Tuesday, November 30, 2010

i fear my growing ambition.
i fear this.. burning desire for a status, a recognised position and name. i'm intimidated by society's expectations. i fear the influence, the aggravating nudge behind my back that's pushing me somewhere, but i wonder if getting there will make me forget who i am. i'm forced to make a choice between what i really want, and what would make me appear impressive in this competitive community, and the problem is, i'm not sure which is which. part of me may be following the crowd, because it'd rather die than be left behind. but another part of me asks why none of this feels right yet. why there's no lightbulb that lights up and tells me - this is it! this is what you like apple! why there's no passion. there is interest, but what if it was formed methodologically? i want to be given more time, and more choices. i don't want to have to wake up in the morning and think, i have to do well, simply because i have to. there is something wrong with all of this, but i don't have the time or the energy to stop to correct it, or to find another option. every day is just spent on catching up, holding on, running after. every day is blending into the next. in these three months i have done more than i've ever in my 19 years, but here, what i've done is far from enough.

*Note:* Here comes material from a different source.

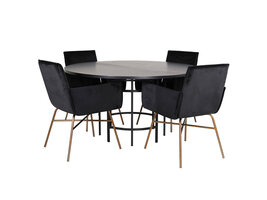 ebuy24 Copenhagen eethoek eetkamertafel bruin en 4 Pippi eetkamerstal velours zwart.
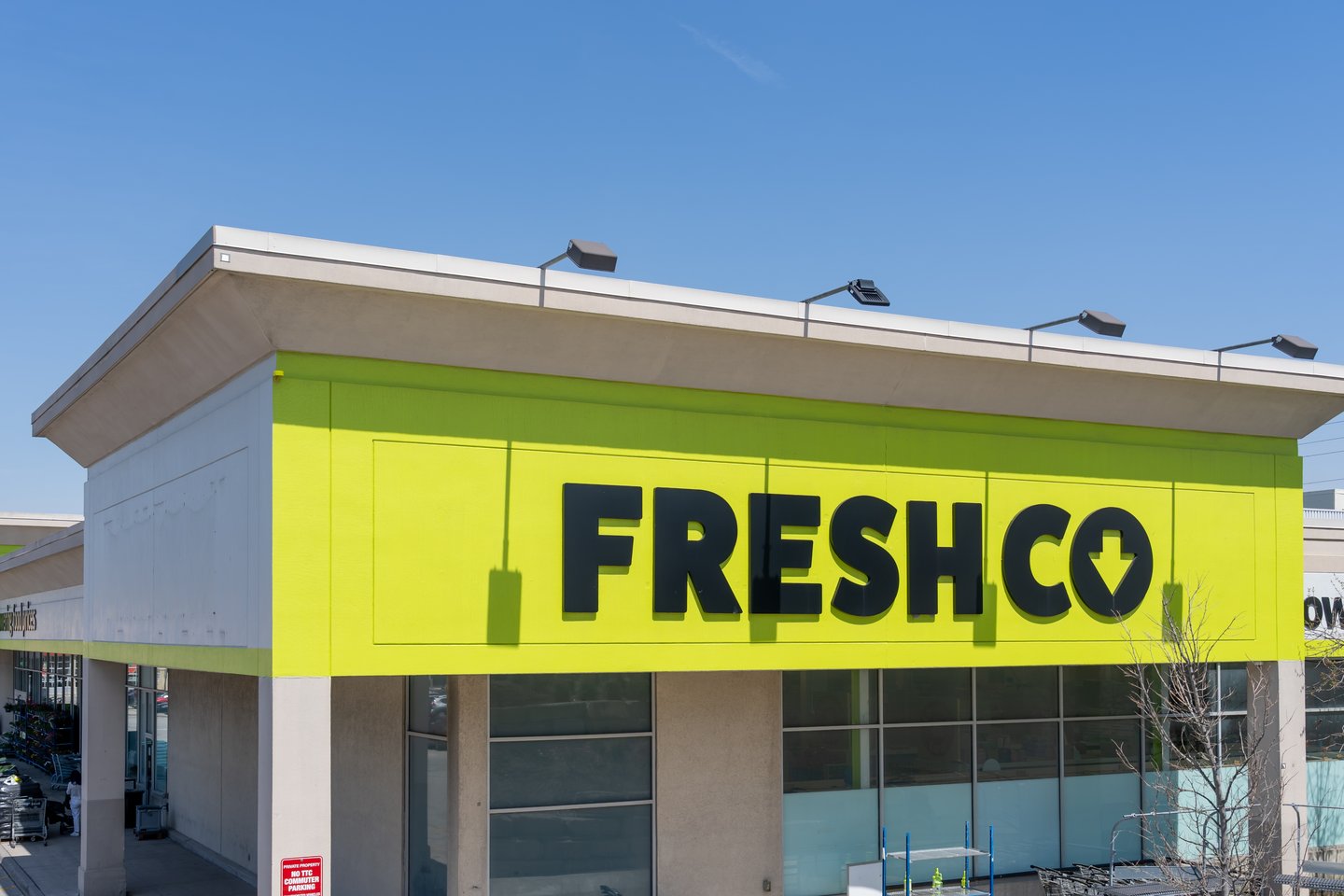 Outside a FreshCo store in Toronto.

15 days. i'm doing what i can, but i know i can do a lot better. i want so, so badly to do better. so what is holding me back? what's hindering me from excelling? why, do i let myself be average when i know that working harder could bring better results? no i'm not okay with settling with average. i'm not okay with giving up now. i put myself to a challenge, and i am my biggest enemy. there is something wrong with me, something missing. something misplaced, or misused. now's the time to identify and correct it.